A cold, damp Saturday morning and Glynn is here to hang the old front door. We have also removed the plastic covers from the windows at the front now as they no longer need protecting from the elements. This is the first time we have seen the windows all together and they look even better than we had ever hoped! We love them!
Cat is back from Bristol and back to scraping, painting, oiling. This is one of the old iron hinges for the front door.
The hinge needs cleaning and waxing to protect it from rusting.
Now the plastic cover has been removed, Cat can oil the lintel above the sitting room window.
The front door frame with the old door standing in the corridor, ready to be fitted.
Glynn is fitting the hinges but they are not making life easy, they are the type of hinges you get on a gate or a barn, not a domestic door. To get the door to hang straight and square, so that it opens, requires a great deal of calculating and fiddly work.
Cat is almost gleeful to be back on the windows.
Glynn trimming the oak for the fillets that will sit around the outside of the front door frame.
The door gets hung on the hinges, which have now been glued in place. The wedges and screwdrivers are added to hold the hinge in the correct position while the glue sets.
It’s a nerve wracking hour while the glue goes off, as Glynn doesn’t know for sure that the door is going to hang correctly until it has set…
Our Architect’s son drops by to offer his assistance!
The moment Cat realises that this is the wrong metal opener for the landing window. This is in fact the one for the dining room window, the landing one is the only one that Cat hasn’t yet painted. This will have to remain open to the elements for another couple of days…
This is the first time we have looked through the sitting room window without looking through dirty plastic sheeting, and it looks utterly fabulous!
Glynn’s scribing process involves a compass set to the correct width. He places the oak against the wall and runs the compass down the wall so it scribes the shape of the wall onto the oak.
The scribed oak fillet, fitted onto the outside frame.
Ta dah! It opens perfectly and looks amazing! Glynn is very chuffed (and relieved) that this worked first time, it had to as once the glue has gone off there is no moving the hinges! The only way to open this door was with a crow bar as the hinges had dropped out of the rotten frame.
The old brass door knob is given a clean and polish.
Cat has cleaned up the old door lock, it had rusted over the last few months after sitting in the damp house. Glynn has fitted it back onto the door so it doesn’t wobble and rattle anymore. And it works 🙂 The pozi screws are only temporary until we have some slotted round headed screws to match the old ones.
We are fitting the metal openers to the windows on the lower side of the house, now the windows have been glazed.

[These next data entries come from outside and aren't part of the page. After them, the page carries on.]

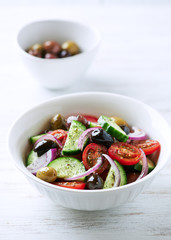 Mediterranean-style salad with marinated olives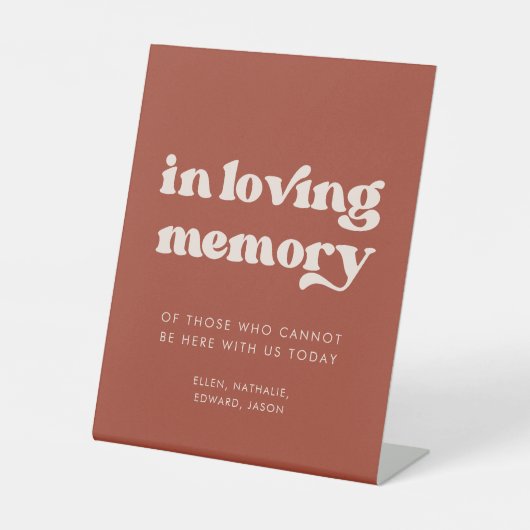 Stijlvolle retro terracotta in liefdevolle herinne reclamebord met voetstuk (Voorkant)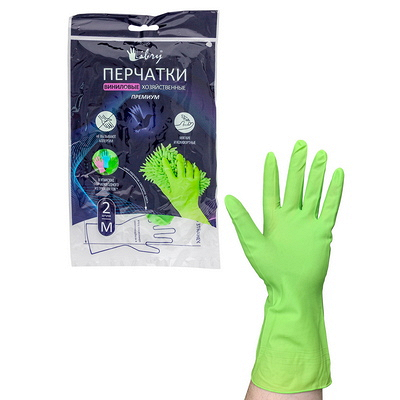 Купить перчатки хозяйственные 1 пара m с удлиненным манжетом зеленый винил "libry" в Москве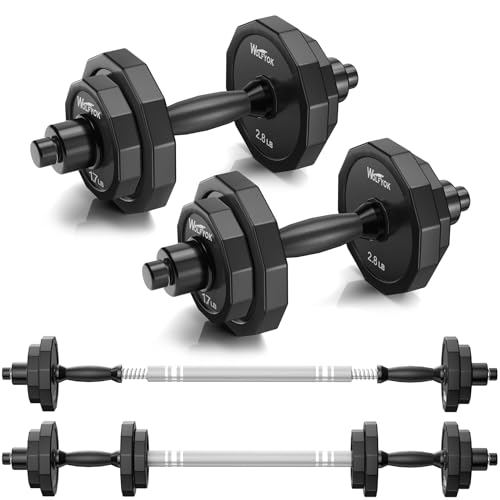 KISS GOLD Weights Dumbbells Set, Adjustable Dumbbell Sets 22Lbs 44Lbs 66Lbs 88Lbs with Solid Steel, Barbell Free Weight Set with Connector Workout Home Gym Equipment for Men Women Strength Training Shaping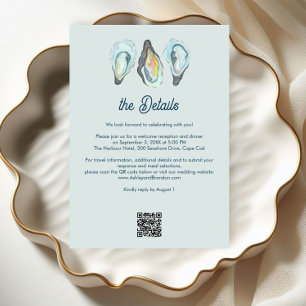 Oyster Roast Coastal Seaside Watercolor Wedding  Enclosure Card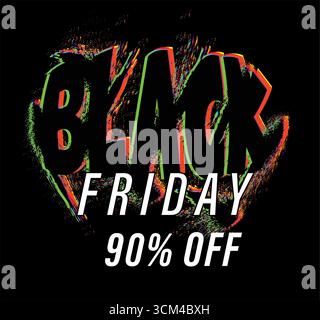 Black friday glitch effect promoting huge sales and discounts Stock Vector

Cat’s bedroom window looking quite different to how it used to look. This appeared to be way beyond repair!
This is one very unique door.
Sunday morning and we can’t believe how amazing the house looks. The sunshine helps.

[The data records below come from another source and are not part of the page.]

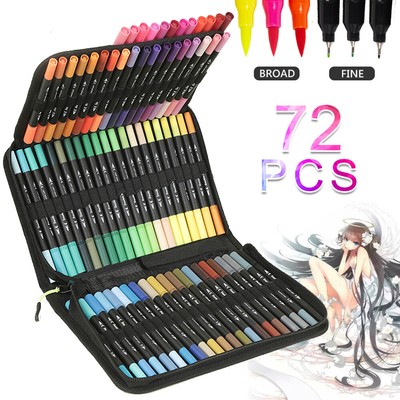 2025 Dual Brush Marker Pens 72 Colors Set Coloring Drawing Kit Fine & Brush Tip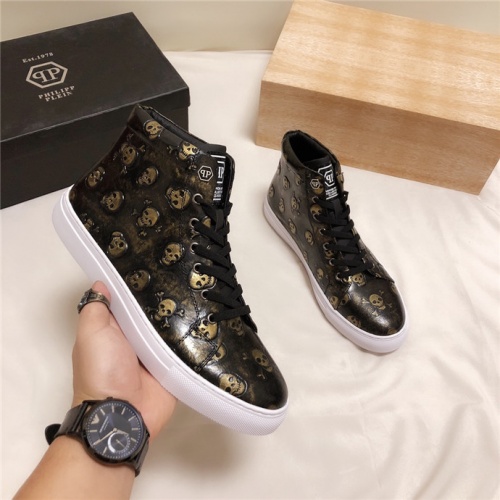 Replica Philipp Plein PP High Tops Shoes For Men #536010 $76.00 USD for Wholesale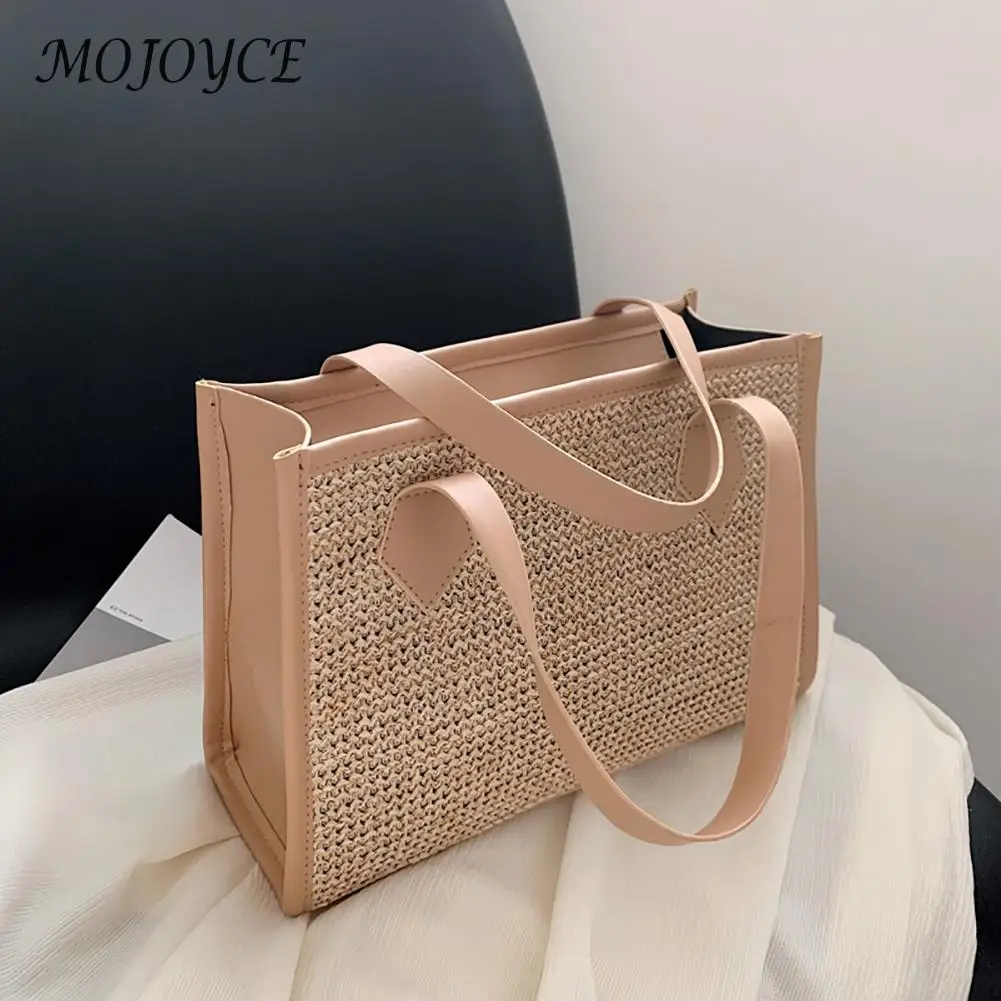 Women Straw Woven Shoulder Bag Solid Color Shoulder Bags Summer Woven Pouch for Shopping Traveling Handbags
Women Straw Woven Shoulder Bag Solid Color Shoulder Bags Summer Woven Pouch for Shopping Traveling Handbags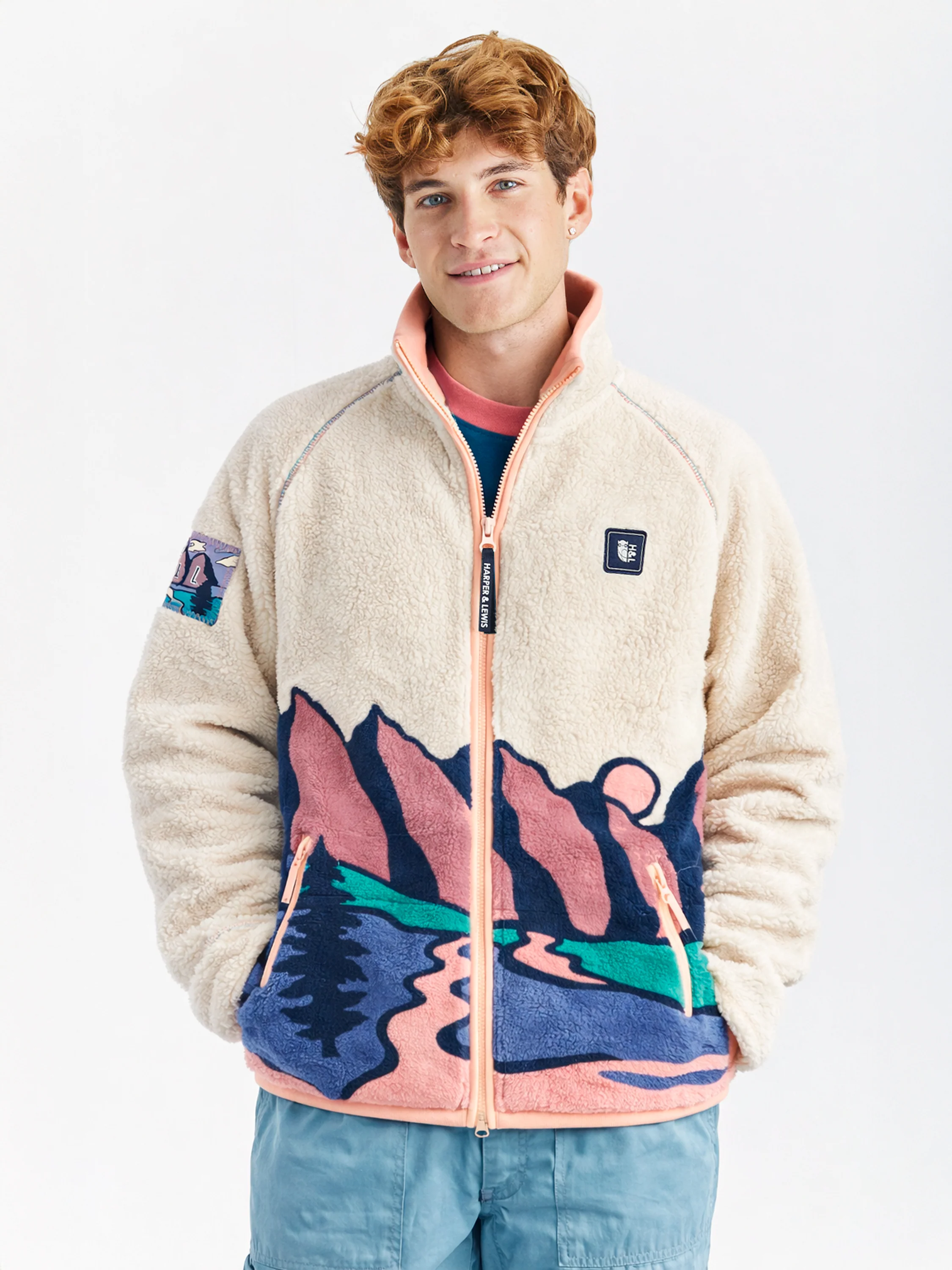 Emerson Retro Pattern Full Zip Sherpa Fleece - Harper & Lewis
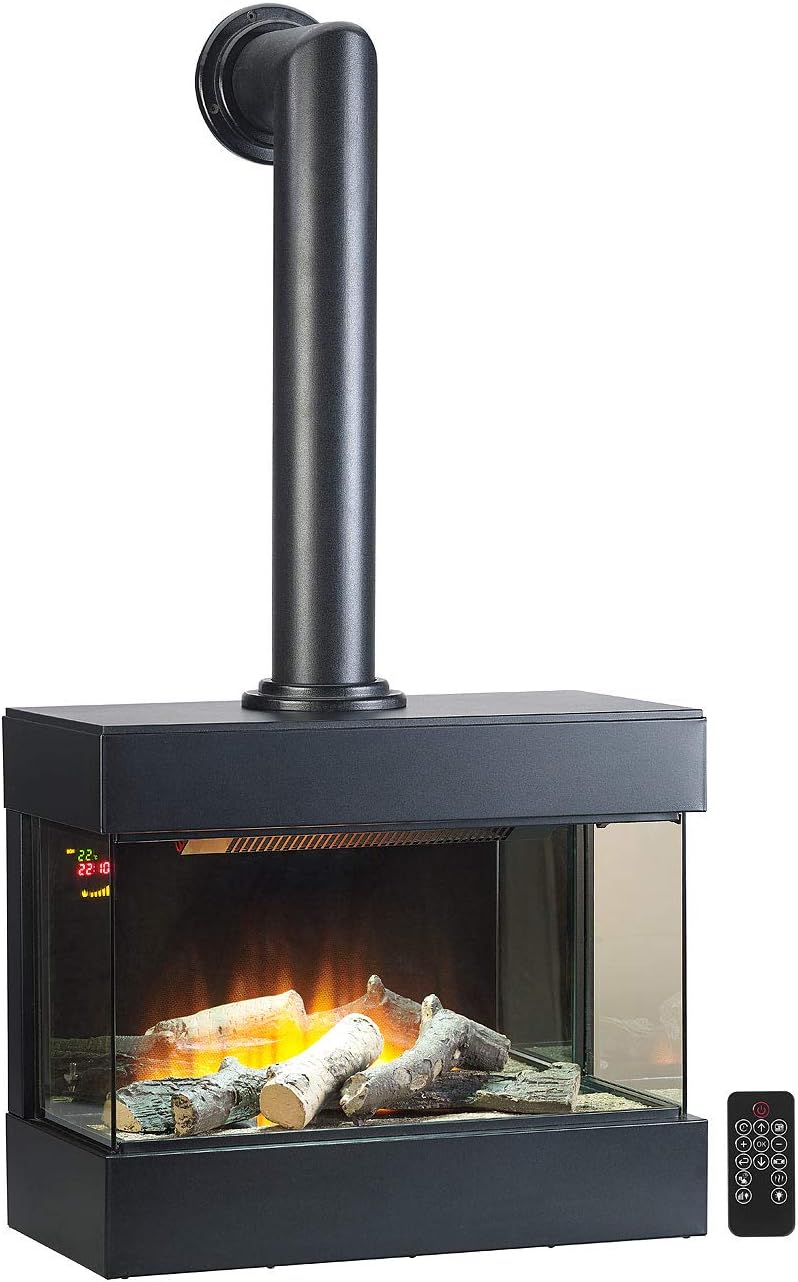 Chimenea eléctrica de Carlo Milano, Chimeneas eléctricas - Chimenea eléctrica: Chimenea eléctrica de Estilo nostálgico, Efecto de Llama 3D, Montaje en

Every window and door is wonky to match our wonky house.
The front door, oiled and complete with brass door knob. Look at the shape of the door! We can totally appreciate the difficulty in fitting this…
Not only does this door open and shut now, it also seals to stop draughts. When we moved in there were actual strips of carpet nailed around the door to stop draughts, when we removed them the gaps around the door were nearly an inch wide in places! It was so draughty we had to seal them up with gaffer tape during winter!

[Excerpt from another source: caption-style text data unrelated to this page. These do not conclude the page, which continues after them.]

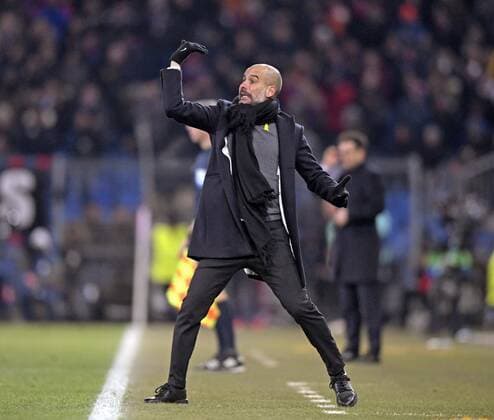 13 02 2018 football UEFA Champions League 2017 2018 knockout FC Basel Manchester City at St James Park Stadium in Basel Switzerland coach PEP Guardiola Manchester City on the sidelines in rage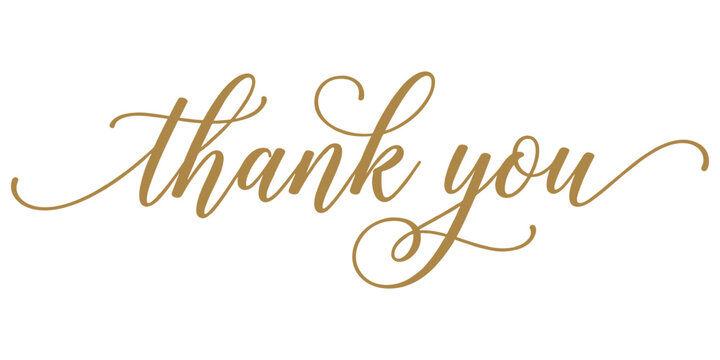 Thank you hand written cursive text and flourish in gold color.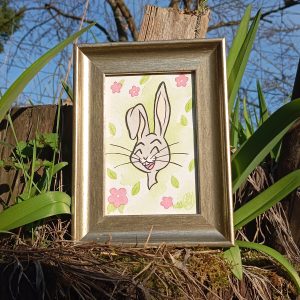 Aquarelle lapin printanier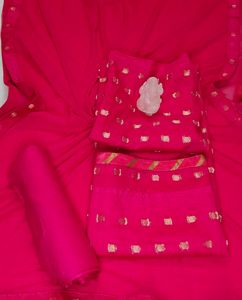 Women Saree Mall Silk Blend Zari Pink Suit Fabric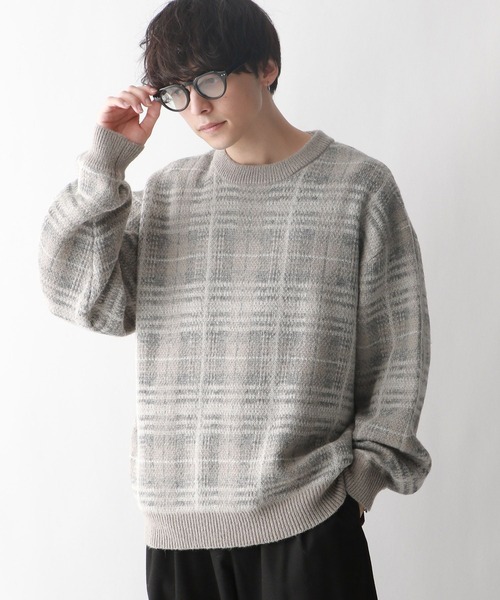 RAGEBLUE（レイジブルー）の「ルーズチェック/クルーネックニット（ニット/セーター・メンズ・ブラウン系その他/グレー系その他/ブルー系その他/グリーン系その他・LARGE/MEDIUM）」の8枚目の写真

More beauty and wonkiness.
The door now has an oak weatherboard added. You can see the extreme scribing involved in the outside fillets here.
The massive gaps around the window frames get filled with expanding foam. This will be trimmed back and covered with a mortar fillet.
The window sills get sealed with silicone where the gaps aren’t too large. This will be covered with a mortar fillet.
The metal opener added to the dining room window. We are so pleased with how the metal openers have turned out. The amount of work that has gone into these is immense, literally days per window, and has definitely been worth it.
The metal frames are painted with Farrow & Ball ‘Downpipe’ on the outside to match the wooden frames, the inside we have left as bare metal, cleaned up and sealed with a metal primer to protect from rust.
The last metal window (for the landing) getting its first coat of paint on the outside.
The cream coloured putty is so thick and visible on the inside of this window we decide to paint it the same colour as the outside (Downpipe). It works so well we think we will go back and paint all the putty on the metal openers the same, just not now… This can wait until a later date!